The disagreement between Trinkaus and Harvati is hardly the first time that two respected paleoanthropologists have looked at the same set of bones and come up with mutually contradictory interpretations. Pondering—and debating—the meaning of fossil anatomy will always play a role in understanding Neanderthals. But now there are other ways to bring them back to life.

Two days after my first descent into El Sidrón cave, Araceli Soto Flórez, a graduate student at the University of Oviedo, came across a fresh Neanderthal bone, probably a fragment of a femur. All digging immediately ceased, and most of the crew evacuated the chamber. Soto Flórez then squeezed herself into a sterile jumpsuit, gloves, booties, and plastic face mask. Under the watchful eyes of Antonio Rosas and molecular biologist Carles Lalueza-Fox, she delicately extracted the bone from the soil, placed it in a sterile plastic bag, and deposited the bag in a chest of ice. After a brief stop in a hotel freezer in nearby Villamayo, the leg bone eventually arrived at Lalueza-Fox's laboratory at the Institute of Evolutionary Biology in Barcelona. His interest was not in the anatomy of the leg or anything it might reveal about Neanderthal locomotion. All he wanted from it was its DNA.

Prehistoric cannibalism has been very good for modern-day molecular biology. Scraping flesh from a bone also removes the DNA of microorganisms that might otherwise contaminate the sample. The bones of El Sidrón have not yielded the most DNA of any Neanderthal fossil—that honor belongs to a specimen from Croatia, also cannibalized—but so far they have revealed the most compelling insights into Neanderthal appearance and behavior. In October 2007 Lalueza-Fox, Holger Römpler of the University of Leipzig, and their colleagues announced that they had isolated a pigmentation gene from the DNA of an individual at El Sidrón (as well as another Neanderthal fossil from Italy). The particular form of the gene, called MC1R, indicated that at least some Neanderthals would have had red hair, pale skin, and, possibly, freckles. The gene is unlike that of red-haired people today, however—suggesting that Neanderthals and modern humans developed the trait independently, perhaps under similar pressures in northern latitudes to evolve fair skin to let in more sunlight for the manufacture of vitamin D. Just a few weeks earlier, Svante Pääbo, who now heads the genetics laboratory at the Max Planck Institute in Leipzig, Lalueza-Fox, and their colleagues had announced an even more astonishing find: Two El Sidrón individuals appeared to share, with modern humans, a version of a gene called FOXP2 that contributes to speech and language ability, acting not only in the brain but also on the nerves that control facial muscles.

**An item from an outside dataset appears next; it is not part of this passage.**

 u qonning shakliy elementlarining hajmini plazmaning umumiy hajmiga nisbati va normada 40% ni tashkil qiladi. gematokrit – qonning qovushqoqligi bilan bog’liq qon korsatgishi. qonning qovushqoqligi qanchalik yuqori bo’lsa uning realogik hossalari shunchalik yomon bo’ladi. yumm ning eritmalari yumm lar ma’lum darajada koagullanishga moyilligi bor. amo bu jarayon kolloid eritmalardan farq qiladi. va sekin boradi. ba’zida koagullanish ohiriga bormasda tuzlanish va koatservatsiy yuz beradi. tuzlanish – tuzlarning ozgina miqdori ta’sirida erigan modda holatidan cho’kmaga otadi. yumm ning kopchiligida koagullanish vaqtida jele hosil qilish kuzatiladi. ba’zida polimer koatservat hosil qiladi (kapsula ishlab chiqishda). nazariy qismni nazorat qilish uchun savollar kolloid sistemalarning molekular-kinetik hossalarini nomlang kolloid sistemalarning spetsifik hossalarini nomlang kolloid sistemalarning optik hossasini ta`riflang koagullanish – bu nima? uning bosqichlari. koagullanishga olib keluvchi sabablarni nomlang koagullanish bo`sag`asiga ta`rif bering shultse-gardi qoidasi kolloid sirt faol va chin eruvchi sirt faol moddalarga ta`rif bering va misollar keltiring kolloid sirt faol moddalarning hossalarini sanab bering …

Whether Neanderthals were capable of sophisticated language abilities or a more primitive form of vocal communication (singing, for example) still remains unclear, but the new genetic findings suggest they possessed some of the same vocalizing hardware as modern humans.

All this from a group of ill-fated Neanderthals buried in a cave collapse, soon after they were consumed by their own kind.

"So maybe it's a good thing to eat your conspecifics," says Pääbo.